Sod versus Seed
Do you want a new lawn? You’ve got two options: you can plant seed and sprout your own turf, or you can buy sod and roll it out like a plush new carpet. Either way, the results are the same. Which begs the larger question: to seed or not to seed?
The answer boils down to time and money – and which you can afford more of. Sod is instant lawn. You can go from dirt to grass in one day.
Once the province of landscape contractors, laying sod is now common among do-it-yourselfers. After all, few of us can resist the temptation of transforming our yards in the blink of an eye with grass harvested and trucked in from a commercial farm.

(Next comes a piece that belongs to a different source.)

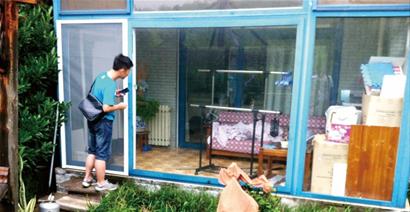 笨賊見主人回家竟將自己反鎖 警察到來束手就擒 笨賊見主人回家竟將自己反鎖 警察到來束手就擒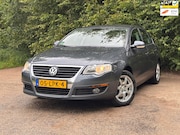 Volkswagen Passat - 1.4 TSI Trendline BlueMotion | Cruise + Airco Nu € 3.950,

The catch is that using sod will cost you.
If, however, you don’t mind waiting three or four months while your lawn grows in, then starting from scratch is considerably cheaper. Other reasons to use seed include the wider array of grass varieties to choose from, and the ability to cover hard-to-reach sites such as steep slopes. And you won’t import any potentially troublesome nonnative soil either.
Preparing the Site
Whether you decide to use seed or sod, preparing the site is basically the same, except for the soil grade level. The following steps are broad guidelines, so consult a garden professional for specifics appropriate to your area.
- Clear the ground of old or dead grass, undesirable roots and large stones.
- Water the area to encourage weeds to emerge.
- Kill and remove weeds.
- Amend soil with organic matter and then rototill.
- Level the soil while it’s dry, tamping with a rake or roller. For sod, grade the soil an inch lower than sidewalks and driveways to account for the thickness of the sod. For seed, grade the soil level with sidewalks, etc.
- Fertilize with a granular fertilizer and moisten slightly.
Adding the Seed or Sod
Now you’re ready to get the lawn started.
- Sod is perishable and should be installed immediately after delivery. Place the pieces end to end in precise rows with no gaps and stagger side seams like brickwork.
- Seed should be spread evenly at the rate prescribed on the package and covered lightly with mulch. Cover the seeded area with netting to prevent hungry birds eating the seed.
Water daily to prevent the lawn from drying out.
- Sod should be kept wet for one to two weeks.
- Seed needs light but frequent irrigation for two to four weeks. Light watering prevents the seed being washed away before it germinates.
Mow only after the grass is one-third taller than it should be, e.g., if you want a two-inch-high lawn, let it reach a height of three inches before you mow it.
Once your lawn is established, continue to water, mow and fertilize regularly. With proper maintenance, your lawn should remain lush and inviting regardless of its origins.